# Travel Photography-Death Valley National Park



## johngreutert (Apr 10, 2015)

Any suggestions for great shooting- where are some great spots, tips, etc. Thanks.

I'm going in May, 2015.

Thanks for all advice


----------



## Nitroman (Apr 10, 2015)

Death Valley is one of my favourite places to shoot landscapes in the world - and i live in UK.

Make sure you visit Mesquite Dunes and other dunes, Zabriski Point, Badwater, Devil's Cornfield, Devil's Golf Course and The Racetrack. Sadly the latter has become more popular with tourists and as a result, The Racetrack has been somewhat spoiled - rocks stolen etc. Still worth a trip nevertheless. 

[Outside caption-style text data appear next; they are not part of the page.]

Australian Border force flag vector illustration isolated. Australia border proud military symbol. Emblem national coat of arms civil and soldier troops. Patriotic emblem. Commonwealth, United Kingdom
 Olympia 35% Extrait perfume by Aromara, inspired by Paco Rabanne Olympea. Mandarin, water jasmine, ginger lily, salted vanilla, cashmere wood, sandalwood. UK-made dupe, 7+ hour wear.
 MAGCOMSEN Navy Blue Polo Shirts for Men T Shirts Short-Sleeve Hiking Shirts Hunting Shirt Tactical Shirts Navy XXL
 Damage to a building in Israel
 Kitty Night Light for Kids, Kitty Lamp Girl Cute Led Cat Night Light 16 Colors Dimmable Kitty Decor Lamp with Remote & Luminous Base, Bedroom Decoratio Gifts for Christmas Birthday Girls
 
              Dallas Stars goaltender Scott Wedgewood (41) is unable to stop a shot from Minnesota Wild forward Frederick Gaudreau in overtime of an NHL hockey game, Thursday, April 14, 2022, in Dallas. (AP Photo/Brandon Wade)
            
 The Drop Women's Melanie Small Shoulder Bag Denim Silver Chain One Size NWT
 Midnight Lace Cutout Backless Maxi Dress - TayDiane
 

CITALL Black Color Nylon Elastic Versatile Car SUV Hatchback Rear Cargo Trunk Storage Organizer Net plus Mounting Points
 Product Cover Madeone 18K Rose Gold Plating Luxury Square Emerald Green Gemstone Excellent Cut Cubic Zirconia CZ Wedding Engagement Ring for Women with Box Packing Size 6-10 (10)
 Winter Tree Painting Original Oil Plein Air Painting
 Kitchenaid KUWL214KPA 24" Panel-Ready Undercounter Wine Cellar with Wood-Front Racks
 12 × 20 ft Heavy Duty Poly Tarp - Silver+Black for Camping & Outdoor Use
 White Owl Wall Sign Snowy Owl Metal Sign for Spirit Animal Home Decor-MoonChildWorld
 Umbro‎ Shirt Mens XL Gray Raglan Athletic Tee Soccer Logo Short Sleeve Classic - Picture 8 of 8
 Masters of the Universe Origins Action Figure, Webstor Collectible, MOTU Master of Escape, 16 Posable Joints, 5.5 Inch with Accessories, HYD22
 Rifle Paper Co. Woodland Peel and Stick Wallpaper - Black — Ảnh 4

Check this out ... I shot it eight years ago when there were more rocks  

http://www.rodedwards.co.uk/files/20634/racetrack2/Racetrack_2.html

Make sure you book accommodation in advance as it's limited.


----------



## quod (Apr 11, 2015)

I only shot there once, so my experience is limited. I shot at Mesquite Dunes, Zabriski Point, Badwater Basin, Mosaic Canyon, Artist's Drive. All are recommended. My personal favorite is Artist's Drive, which has multi-colored rocks, a lot like Zabriskie Point, but you can get closer to the hills. A decent guide is Death Valley Photographer's Guide by Dan Suzio. It's a stark, beautiful place. Enjoy!


----------



## PCM-madison (Apr 11, 2015)

I agree with the other recommendations. Here is a self portrait taken along Artist's drive. There are also interesting historic sites like Scotty's Castle, locations where important movies were filmed, etc.


----------